The slight bump in battery size equated to a slight bump in performance over the Nokia Lumia 620, but it's an important improvement as while the Lumia 620 would sometimes struggle to make it through a day the Lumia 520 generally seemed fine - though you'd still normally need to charge it overnight.
In our patented battery test - running a 90 minute video from a fully charged handset with Wi-Fi on, social networks and emails set to push notifications and the screen turned up to full brightness, we saw the battery drop to 66% by the end of the test.
That's not brilliant performance, but when used in other ways - for example phone calls, playing music, sending texts etc the Nokia Lumia 520 performed a lot better and unless you're watching a lot of videos you should easily get a day's use out of it.
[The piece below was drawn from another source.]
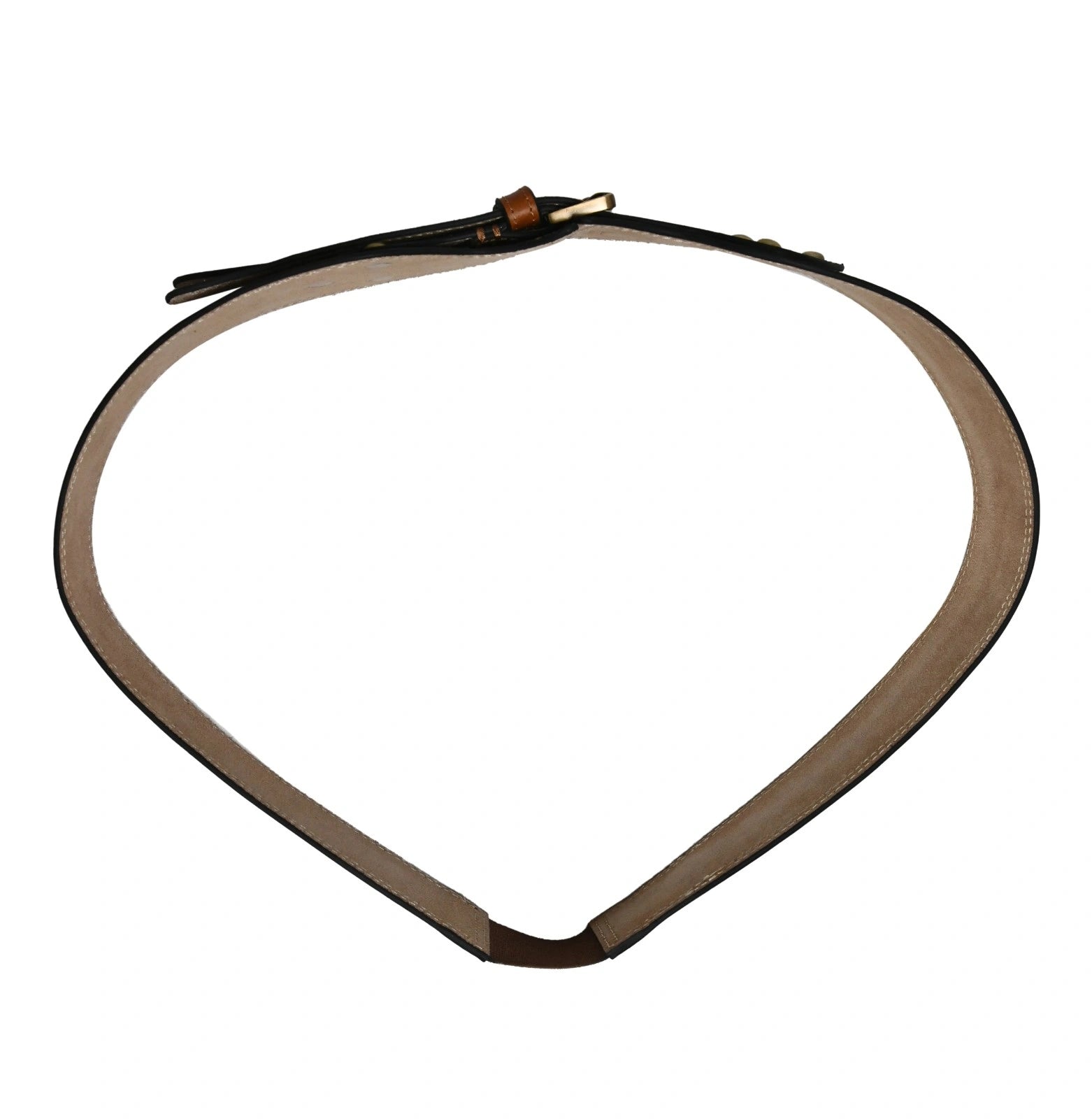 Wide Elevated Leather Belt Brown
Nokia rates the Lumia 520 for up to 360 hours of standby time over 3G, 14.8 hours of talk time over 3G, 9.6 hours of talk time over 2G or 61 hours of music playback, which sounds fair, though it notably doesn't post figures on video time.
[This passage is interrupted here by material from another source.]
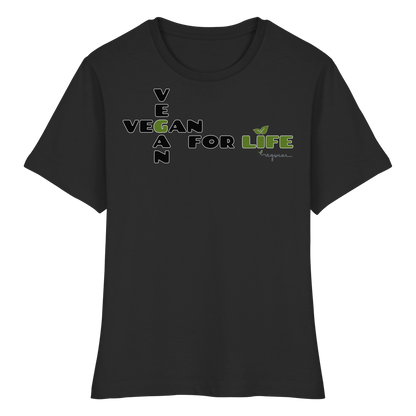 vegwear "vegan for life" - eng geschnittenes Damen T-Shirt, bio vegan fair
If the battery doesn't live up to your expectations there is a battery saver, which prevents apps from syncing in the background, plus you can also invest in a spare battery, since it's easily removable if you just pop the back off the phone.
However if you'd rather not do that then the Huawei Ascend W1 might be a better bet, as that is one of the few Windows Phone 8 handsets to actually sport good battery life.
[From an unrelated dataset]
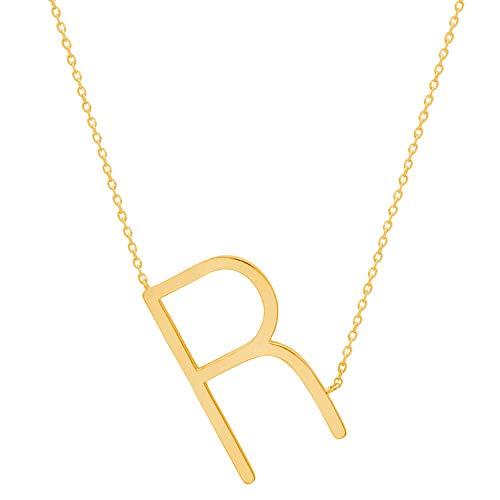 MAX + STONE 14k Gold Plated Sterling Silver Large Sideways Block Initial Letter Pendant Necklace for Woman with 16 Inches to 18 Inches Adjustable Chain and Spring Ring Clasp - style: Letter R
The Nokia Lumia 520 has a handful of different connectivity options, including dual-band Wi-Fi 802.11 a/b/g/n, HSDPA at 21.1 Mbps and HSUPA at 5.76 Mbps. It has also got Bluetooth 3.0 and GPS, but it lacks NFC or a compass - both of which are included in the slightly pricier Nokia Lumia 620.
Configuring these connections or turning them on and off is pretty straightforward, as there are clearly labelled menus in the settings screen to sort them all out. Unfortunately digging into the settings screen is the only way to manage them, which is a bit of an annoyance as a shortcut would really come in handy.
Getting content on and off the Nokia Lumia 520 is totally painless, you just plug it into a computer using the included micro USB to USB cable, wait a few seconds for your computer to pick it up, then you can look through the handset's folders and simply drag and drop things on and off it.
There's also a micro SD card slot hidden beneath the back cover, which is all but essential for bulking up the storage from the 8GB that it ships with. Using a micro SD card additionally gives you an extra way to get content on and off the phone, as you can load it up with things before putting it in.